For Megan Gialluca, a grad student the UW’s Astronomy and Astrobiology Program, the focus is on the atmospheres of terrestrial planets, especially those in the TRAPPIST-1 system.  Her focus now is on thermal atmospheric escape — modeling what happens to a planet with an atmosphere and ocean when it’s bombarded by the radiation of an early red dwarf star.

And Rodolfo Garcia , a graduate student in the school’s Astrobiology Program, is interested in what can be learned about the interiors of exoplanets by learning about the components of their atmospheres.  This involves the dynamics of volcanoes and what they spew out, and trying to learn (using Earth data) what the presence of a particular compound in the atmosphere means about the makeup rocky exoplanet interiors.

Garcia said, and the others agreed, that they especially look forward to working with the in-coming  JWST data because it will allow them to modify the focus of their modelling.  Rather than producing “forward” models that predict what will happen given certain bulk measurements of an exoplanet, they will be able to begin with the presence of certain observed chemicals and model “backwards” to see how and why those chemicals might be present.

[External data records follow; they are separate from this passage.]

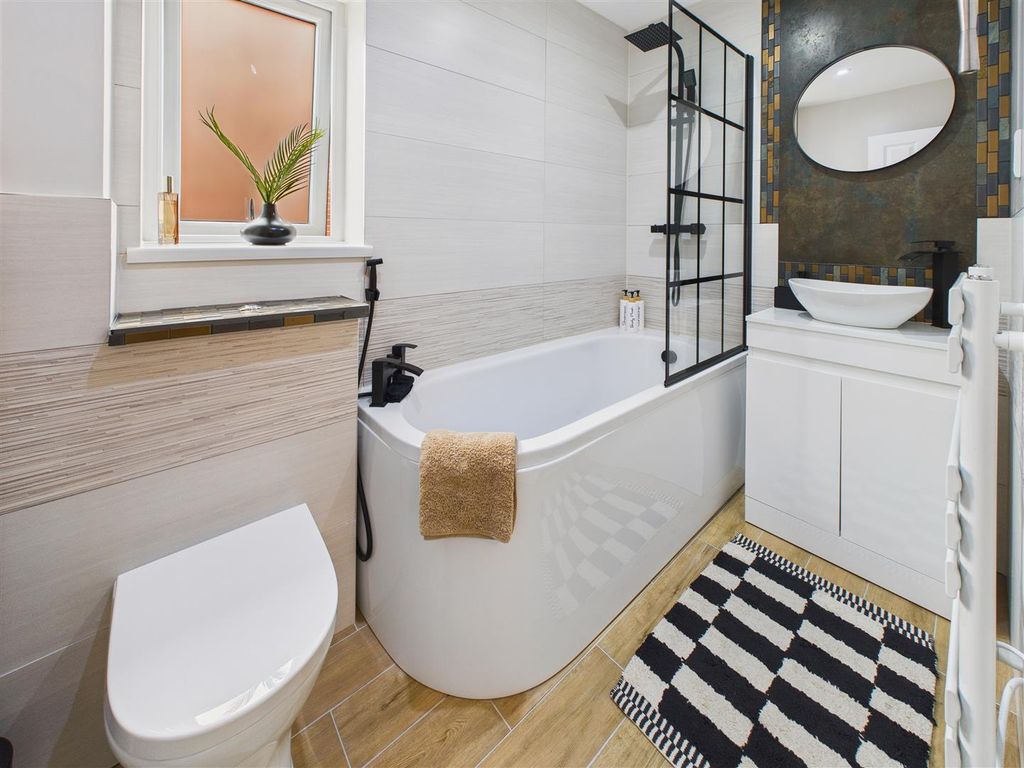 Property photo 3 of 22 Bathroom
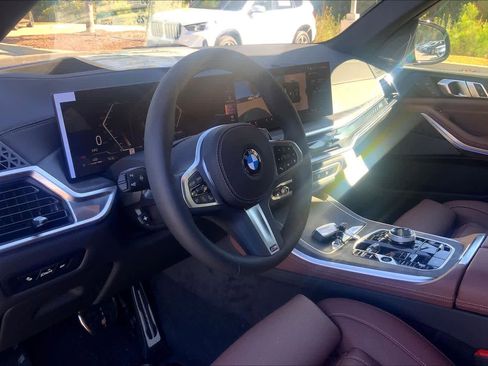 Used 2026 BMW X5 xDrive40i w/ Executive Package image 9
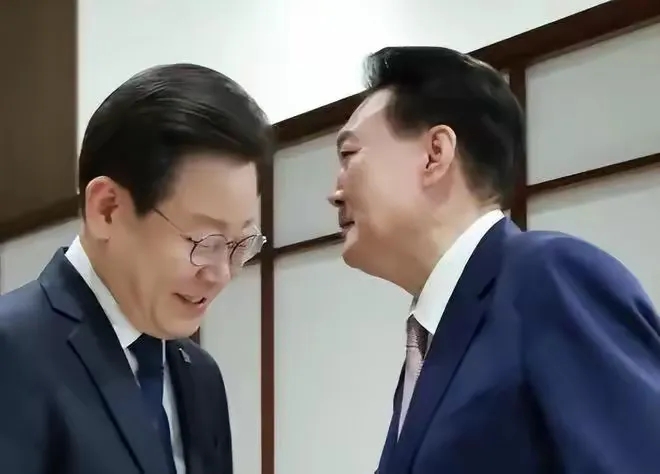 李在明作为韩国总统，似乎已经彻底进行了一场与尹锡悦的清算。他的做法被认为是在为朴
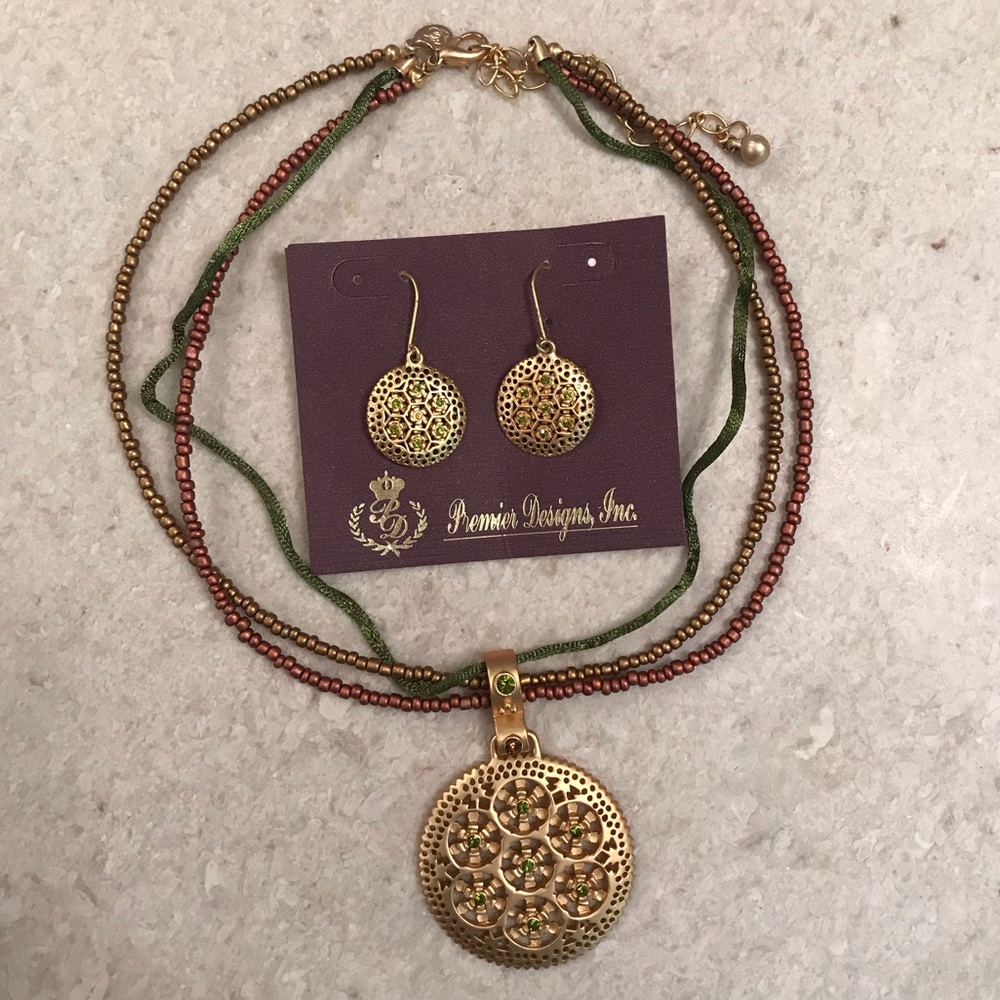 Beautiful Premier Design necklace and earring set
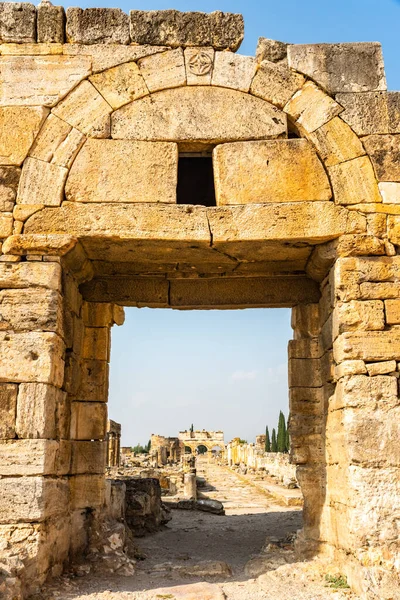 Hierapolis antigua ciudad ruinas Pamukkale Turquía. Patrimonio de la Humanidad UNESCO — Foto de Stock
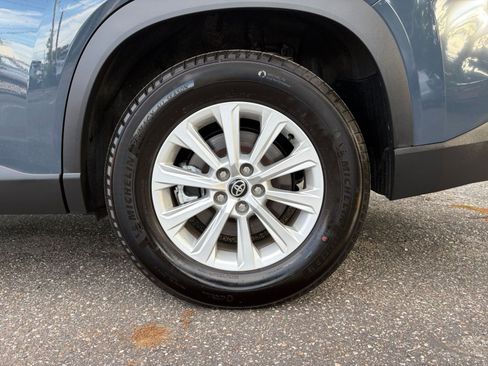 Used 2025 Toyota Grand Highlander FWD image 32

Allan Hills 84001 (ALH84001) is a fragment of a Martian meteorite that was found in the Antarctica in 1984. A team of NASA scientists later published a high-profile journal article claiming that the meteorite showed signs of past Martian life. The question was fiercely debated, with a scientific consensus gradually emerging that the “signs of life” were the result of non-biological processes. (NASA)

Gialluca brought up another issue that she — and others — are concerned about at the dawning of the JWST era.  With so much new data coming in,  she said there will likely be many new possible biosignature chemicals and atmospheres detected and proposed.

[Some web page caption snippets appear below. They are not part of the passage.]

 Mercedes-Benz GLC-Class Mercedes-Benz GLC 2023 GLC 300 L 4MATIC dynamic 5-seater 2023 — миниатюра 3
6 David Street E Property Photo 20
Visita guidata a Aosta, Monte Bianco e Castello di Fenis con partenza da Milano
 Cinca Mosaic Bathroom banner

While that is an exciting development, it is also potentially worrisome in terms of how that information will be shared with the public.  As astronomy and astrobiology icon Carl Sagan said long ago, extraordinary claims require extraordinary evidence.  But will the claims of newfound biosignatures via JWST come with that level of “extraordinary evidence?”

This is an issue very much at the heart of VPL’s goal of creating a robust and trusted science of exoplanet habitability and potential life.  And Meadows was co-chair of a concerted effort to produce a “standards of evidence” protocol” that the community would be encouraged to follow when scientifically assessing “extraordinary” claims regarding signs of extraterrestrial life.

While top NASA officials initially called for this standards of evidence effort,  the astrobiology community itself has been leading the endeavor.

Part of the effort included brainstorming the beginning of a reporting protocol for the extraordinary claim of life detection.  The implementation of such a formal protocol is still being debated in the community, with future discussions planned that will include a broad range of additional stakeholders.

“With VPL we recognized that ‘it takes a village’ to model a habitable planet with life,” she said. “But it’s also true that it will ‘take a village’ to assess claims of life detection.”